領歌的王格羅寶輕易攪起了蜜阿修士的情緒,似有意似無意地低頭和濯明對視了一眼,那雙異色的雙瞳裡不見半點火星和激憤,反而含著得意的譏誚,彷彿在顯擺:你看,不是我妖言惑眾,這就是民心。
濯明板著臉,又慢吞吞地消化了一個仙器上的道心,心說:早聽說馭獸道容易出王八蛋,果不其然,這小子可真不是東西啊。
忽然,濯明住了嘴,將神識沉入千心百道的藕裡,他發現自己方才囫圇吃著玩的“雞肋”逐漸拼出了一張能辨認出來的圖。
這一支趙家人來自南宛沽州與寧安,而寧安距離金平不過百十來裡地。
這拼出來的輿圖,好像恰好是寧安金平一帶。
濯明緩緩瞪大了眼睛,腦袋上下顛倒著轉了一圈,他嘴角拉到了太陽穴。
相傳……世上最繁華、最令人嚮往、毫不費力便能引領整個大陸潮流的金平城,龍脈可不太結實。

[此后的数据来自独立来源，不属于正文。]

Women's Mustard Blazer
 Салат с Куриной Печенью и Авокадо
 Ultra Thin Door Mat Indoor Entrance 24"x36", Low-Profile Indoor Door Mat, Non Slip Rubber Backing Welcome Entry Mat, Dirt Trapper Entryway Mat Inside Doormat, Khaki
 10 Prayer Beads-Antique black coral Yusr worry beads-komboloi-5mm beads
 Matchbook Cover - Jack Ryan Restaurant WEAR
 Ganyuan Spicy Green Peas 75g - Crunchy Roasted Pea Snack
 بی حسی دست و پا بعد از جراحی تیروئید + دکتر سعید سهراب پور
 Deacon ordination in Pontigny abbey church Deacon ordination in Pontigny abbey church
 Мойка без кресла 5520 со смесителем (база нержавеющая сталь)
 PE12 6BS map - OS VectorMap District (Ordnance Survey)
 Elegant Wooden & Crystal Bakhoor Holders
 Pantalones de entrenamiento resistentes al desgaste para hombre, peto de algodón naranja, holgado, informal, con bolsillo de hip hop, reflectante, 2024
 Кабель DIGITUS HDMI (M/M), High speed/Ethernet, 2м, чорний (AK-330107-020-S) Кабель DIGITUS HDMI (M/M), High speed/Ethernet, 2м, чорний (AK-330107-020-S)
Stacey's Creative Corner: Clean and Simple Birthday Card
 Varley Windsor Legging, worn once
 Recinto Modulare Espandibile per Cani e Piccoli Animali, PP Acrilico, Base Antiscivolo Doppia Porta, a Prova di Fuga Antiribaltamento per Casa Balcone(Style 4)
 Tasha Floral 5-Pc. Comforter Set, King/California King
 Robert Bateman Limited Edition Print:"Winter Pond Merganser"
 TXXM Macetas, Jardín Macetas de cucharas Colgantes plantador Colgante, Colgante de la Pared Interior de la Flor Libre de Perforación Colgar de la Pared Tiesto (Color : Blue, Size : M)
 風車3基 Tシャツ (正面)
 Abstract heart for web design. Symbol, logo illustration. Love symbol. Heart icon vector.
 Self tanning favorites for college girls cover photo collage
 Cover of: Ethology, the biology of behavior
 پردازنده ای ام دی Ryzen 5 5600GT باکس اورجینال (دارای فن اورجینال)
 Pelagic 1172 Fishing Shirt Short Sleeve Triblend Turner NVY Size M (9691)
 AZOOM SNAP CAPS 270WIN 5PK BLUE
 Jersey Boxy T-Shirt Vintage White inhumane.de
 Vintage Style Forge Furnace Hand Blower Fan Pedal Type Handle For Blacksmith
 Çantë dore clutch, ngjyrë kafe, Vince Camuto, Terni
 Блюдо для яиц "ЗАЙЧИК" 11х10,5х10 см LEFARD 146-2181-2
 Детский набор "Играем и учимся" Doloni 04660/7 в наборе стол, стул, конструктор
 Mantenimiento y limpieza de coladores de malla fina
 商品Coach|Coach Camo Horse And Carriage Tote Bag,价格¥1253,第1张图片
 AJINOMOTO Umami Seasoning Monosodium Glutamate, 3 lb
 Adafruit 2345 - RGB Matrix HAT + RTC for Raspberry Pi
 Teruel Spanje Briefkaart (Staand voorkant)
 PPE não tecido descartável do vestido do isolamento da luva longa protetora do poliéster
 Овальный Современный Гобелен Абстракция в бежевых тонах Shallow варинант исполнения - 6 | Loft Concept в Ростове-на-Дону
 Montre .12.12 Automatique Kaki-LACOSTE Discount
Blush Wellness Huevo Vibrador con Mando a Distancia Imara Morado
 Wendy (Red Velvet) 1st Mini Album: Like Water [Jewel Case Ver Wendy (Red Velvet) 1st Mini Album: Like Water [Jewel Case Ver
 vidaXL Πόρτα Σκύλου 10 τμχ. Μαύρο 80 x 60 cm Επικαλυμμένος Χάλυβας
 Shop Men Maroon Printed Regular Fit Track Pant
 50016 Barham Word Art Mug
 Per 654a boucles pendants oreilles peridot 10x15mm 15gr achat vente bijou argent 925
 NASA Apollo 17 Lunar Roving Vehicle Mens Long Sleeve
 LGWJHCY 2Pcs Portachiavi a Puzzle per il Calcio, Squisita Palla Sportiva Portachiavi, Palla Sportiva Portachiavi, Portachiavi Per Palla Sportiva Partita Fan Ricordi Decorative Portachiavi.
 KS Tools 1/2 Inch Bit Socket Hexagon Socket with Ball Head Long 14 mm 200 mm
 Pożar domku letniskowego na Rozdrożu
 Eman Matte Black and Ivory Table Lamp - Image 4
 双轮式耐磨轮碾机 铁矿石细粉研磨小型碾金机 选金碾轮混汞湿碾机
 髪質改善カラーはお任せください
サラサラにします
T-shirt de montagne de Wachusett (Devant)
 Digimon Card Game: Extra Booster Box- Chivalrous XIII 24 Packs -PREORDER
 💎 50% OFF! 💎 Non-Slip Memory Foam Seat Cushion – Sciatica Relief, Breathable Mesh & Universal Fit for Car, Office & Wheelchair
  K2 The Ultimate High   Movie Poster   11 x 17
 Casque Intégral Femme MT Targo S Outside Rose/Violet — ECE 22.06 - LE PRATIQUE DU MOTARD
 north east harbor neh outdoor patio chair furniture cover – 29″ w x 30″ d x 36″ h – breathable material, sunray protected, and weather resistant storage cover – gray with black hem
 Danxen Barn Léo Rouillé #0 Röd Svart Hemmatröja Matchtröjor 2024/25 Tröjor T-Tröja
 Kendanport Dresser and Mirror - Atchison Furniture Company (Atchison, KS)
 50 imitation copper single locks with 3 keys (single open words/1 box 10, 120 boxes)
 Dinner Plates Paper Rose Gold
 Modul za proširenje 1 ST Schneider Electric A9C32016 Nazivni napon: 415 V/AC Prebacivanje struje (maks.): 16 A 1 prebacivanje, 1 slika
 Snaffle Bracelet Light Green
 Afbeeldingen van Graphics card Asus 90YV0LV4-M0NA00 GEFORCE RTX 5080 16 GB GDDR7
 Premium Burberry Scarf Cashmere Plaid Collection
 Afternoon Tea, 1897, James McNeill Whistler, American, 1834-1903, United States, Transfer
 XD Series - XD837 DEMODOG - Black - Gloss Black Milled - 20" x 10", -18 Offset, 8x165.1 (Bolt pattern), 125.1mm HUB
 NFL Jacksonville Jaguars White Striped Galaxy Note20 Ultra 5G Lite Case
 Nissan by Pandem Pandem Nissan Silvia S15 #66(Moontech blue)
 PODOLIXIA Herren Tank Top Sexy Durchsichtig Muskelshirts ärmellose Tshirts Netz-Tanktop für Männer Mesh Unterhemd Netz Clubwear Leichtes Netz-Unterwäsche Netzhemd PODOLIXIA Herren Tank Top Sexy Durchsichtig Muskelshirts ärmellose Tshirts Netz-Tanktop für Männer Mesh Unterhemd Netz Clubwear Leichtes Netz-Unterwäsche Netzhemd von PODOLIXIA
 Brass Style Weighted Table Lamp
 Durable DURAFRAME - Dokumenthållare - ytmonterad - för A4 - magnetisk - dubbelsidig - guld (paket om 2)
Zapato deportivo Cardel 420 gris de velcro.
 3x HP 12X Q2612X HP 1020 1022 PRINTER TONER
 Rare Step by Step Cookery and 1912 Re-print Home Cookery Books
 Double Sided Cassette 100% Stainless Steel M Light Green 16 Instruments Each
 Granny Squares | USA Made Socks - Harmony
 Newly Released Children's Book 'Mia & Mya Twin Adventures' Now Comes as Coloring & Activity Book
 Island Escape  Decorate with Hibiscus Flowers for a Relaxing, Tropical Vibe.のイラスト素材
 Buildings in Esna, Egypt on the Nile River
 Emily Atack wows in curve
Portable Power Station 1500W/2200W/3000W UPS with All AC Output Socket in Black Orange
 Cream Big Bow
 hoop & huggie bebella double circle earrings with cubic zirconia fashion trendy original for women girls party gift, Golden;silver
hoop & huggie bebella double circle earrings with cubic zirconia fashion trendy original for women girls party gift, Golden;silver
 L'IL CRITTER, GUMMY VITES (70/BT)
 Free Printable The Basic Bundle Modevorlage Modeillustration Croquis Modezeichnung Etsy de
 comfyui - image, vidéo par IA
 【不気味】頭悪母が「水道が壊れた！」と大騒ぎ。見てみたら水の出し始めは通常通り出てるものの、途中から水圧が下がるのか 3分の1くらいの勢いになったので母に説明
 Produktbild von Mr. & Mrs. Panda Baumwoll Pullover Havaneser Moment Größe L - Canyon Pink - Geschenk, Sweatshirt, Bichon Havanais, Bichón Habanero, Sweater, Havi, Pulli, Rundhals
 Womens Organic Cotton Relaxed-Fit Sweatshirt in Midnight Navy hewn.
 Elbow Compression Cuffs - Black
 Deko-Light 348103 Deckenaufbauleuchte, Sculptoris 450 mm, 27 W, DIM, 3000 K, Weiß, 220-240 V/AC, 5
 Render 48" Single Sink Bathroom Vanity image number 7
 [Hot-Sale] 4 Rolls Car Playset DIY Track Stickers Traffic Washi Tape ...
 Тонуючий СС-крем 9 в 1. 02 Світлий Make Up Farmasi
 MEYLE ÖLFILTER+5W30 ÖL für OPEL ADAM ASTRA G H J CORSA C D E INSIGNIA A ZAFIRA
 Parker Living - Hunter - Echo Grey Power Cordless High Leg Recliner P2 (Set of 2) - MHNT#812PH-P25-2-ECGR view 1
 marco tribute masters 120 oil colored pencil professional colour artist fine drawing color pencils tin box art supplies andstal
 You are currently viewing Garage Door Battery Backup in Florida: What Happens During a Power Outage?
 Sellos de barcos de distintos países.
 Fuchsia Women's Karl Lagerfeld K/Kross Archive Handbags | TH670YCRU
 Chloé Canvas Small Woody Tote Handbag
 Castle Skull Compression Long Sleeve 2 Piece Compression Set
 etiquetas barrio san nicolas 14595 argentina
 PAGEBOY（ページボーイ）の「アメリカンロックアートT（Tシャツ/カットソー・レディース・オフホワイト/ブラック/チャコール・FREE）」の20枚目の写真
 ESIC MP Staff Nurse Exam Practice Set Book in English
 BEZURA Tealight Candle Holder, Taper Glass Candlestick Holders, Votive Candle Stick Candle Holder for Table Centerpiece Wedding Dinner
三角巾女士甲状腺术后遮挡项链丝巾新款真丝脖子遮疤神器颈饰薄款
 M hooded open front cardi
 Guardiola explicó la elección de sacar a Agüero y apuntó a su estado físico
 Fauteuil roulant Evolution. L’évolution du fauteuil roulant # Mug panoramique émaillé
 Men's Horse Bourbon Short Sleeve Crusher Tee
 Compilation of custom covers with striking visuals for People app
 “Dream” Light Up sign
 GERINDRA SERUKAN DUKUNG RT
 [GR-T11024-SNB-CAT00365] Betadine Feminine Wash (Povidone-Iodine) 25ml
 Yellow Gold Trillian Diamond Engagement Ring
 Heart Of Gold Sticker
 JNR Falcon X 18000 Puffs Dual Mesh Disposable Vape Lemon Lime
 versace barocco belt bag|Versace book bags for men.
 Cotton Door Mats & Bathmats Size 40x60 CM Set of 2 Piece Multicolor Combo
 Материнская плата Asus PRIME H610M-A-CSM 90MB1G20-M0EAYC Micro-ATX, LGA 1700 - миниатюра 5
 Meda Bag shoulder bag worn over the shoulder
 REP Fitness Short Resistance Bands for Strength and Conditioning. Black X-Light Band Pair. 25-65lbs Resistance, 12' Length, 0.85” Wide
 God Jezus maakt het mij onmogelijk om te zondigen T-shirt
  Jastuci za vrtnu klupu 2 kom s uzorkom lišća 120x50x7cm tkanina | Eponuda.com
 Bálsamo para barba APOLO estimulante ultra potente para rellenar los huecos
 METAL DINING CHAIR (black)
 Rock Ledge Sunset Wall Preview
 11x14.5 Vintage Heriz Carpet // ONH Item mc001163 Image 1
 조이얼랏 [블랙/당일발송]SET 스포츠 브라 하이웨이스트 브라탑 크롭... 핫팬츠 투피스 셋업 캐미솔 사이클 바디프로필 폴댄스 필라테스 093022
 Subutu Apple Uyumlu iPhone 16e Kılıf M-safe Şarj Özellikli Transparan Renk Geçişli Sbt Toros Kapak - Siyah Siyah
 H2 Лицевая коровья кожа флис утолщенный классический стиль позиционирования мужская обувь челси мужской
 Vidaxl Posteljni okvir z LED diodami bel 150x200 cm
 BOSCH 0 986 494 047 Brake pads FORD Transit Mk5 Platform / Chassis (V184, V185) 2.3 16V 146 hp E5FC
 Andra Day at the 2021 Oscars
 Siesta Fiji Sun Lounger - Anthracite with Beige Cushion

那裡還有開明陸吾的老窩。十幾年來,大宛因開明司,國內“邪祟”幾乎被肅清,四境讓天機閣那姓龐的狗整治得銅牆鐵壁一樣。其他三國苦陸吾久已,偏偏又不敢像財大氣粗的南宛一樣,將大量民間修士收作外門。
如果他們知道有什麼方法能跳過邊境,直抵金平……
三大靈山是覺得誅這麼多年肅不清的“邪”重要呢,還是將不守規矩的南宛拉下水才是當務之急?
金平好像還有一棵煙雲柳的根。
“老王老王,快別在那領唱嚎喪了,”濯明從海里探出頭來,“南海這一回,四大靈山有再多成見,估計也會設法捏著鼻子合作,聯手追殺我等邪祟。與其這樣,不如我們先下手為強。”
玄隱山潛修寺,雲上。
奚平守在大長公主留下的屏障外第九天,被鎮山大陣震碎的胸椎和肋骨已經自己長好了。
端睿的屏障只是隔絕外界干擾,並沒有下多大力氣,也絕不會比鎮山大陣難闖,以奚平現在的修為,想破開其實不難。
但端睿離開的時候,只是淡淡地看了奚平一眼,像是在說“你來得正好”,沒給那屏障做任何加固便飄然而去,回主峰忙自己的去了。
道心是一條不歸路,道心一旦落成,就再不能碎,心碎則人廢。
築基修士道心初成時,境界不穩,是最脆弱的。哪怕奚平恨不能立刻闖進去,像小時候一樣撒潑打滾,質問出一萬句為什麼,此時也只能替大長公主做個省事的守衛。
奚平一動不動,像是化成了山頂一塊石頭,沒人知道他在想什麼。
到了第九天傍晚,山頂的靈光與紅霞忽然匯聚成一線,往周楹閉關處去了,緊接著風中送來一聲輕響,是端睿留下的屏障碎了,裡面的人要出關了。
交疊的光影在奚平的眼珠上滑過,他眼睫倏地動了一下,如夢方醒。
然而下一刻,他不等見周楹,突然起身掉頭就走,好像慢一步會撞見鬼。
再一次兜頭被鎮山大陣攔截,奚平才慌里慌張地想起從芥子中拿出弟子名牌,近乎倉皇地滾進了玄隱山內門。
升靈撞“門”上的動靜能讓潛修寺的祥瑞們集體掉毛,周楹自然聽見了動靜,但他毫無觸動,好像窗外只是飛過了一隻莽撞的鳥。
他睜開一雙全新的眼,看山看水皆如天地,吵鬧的聲與色劃過五官,再不是煩擾。
開明司和陸吾等他回復的信已經攢了一打,周楹沒管,他的目光落到了端睿留下的字條上。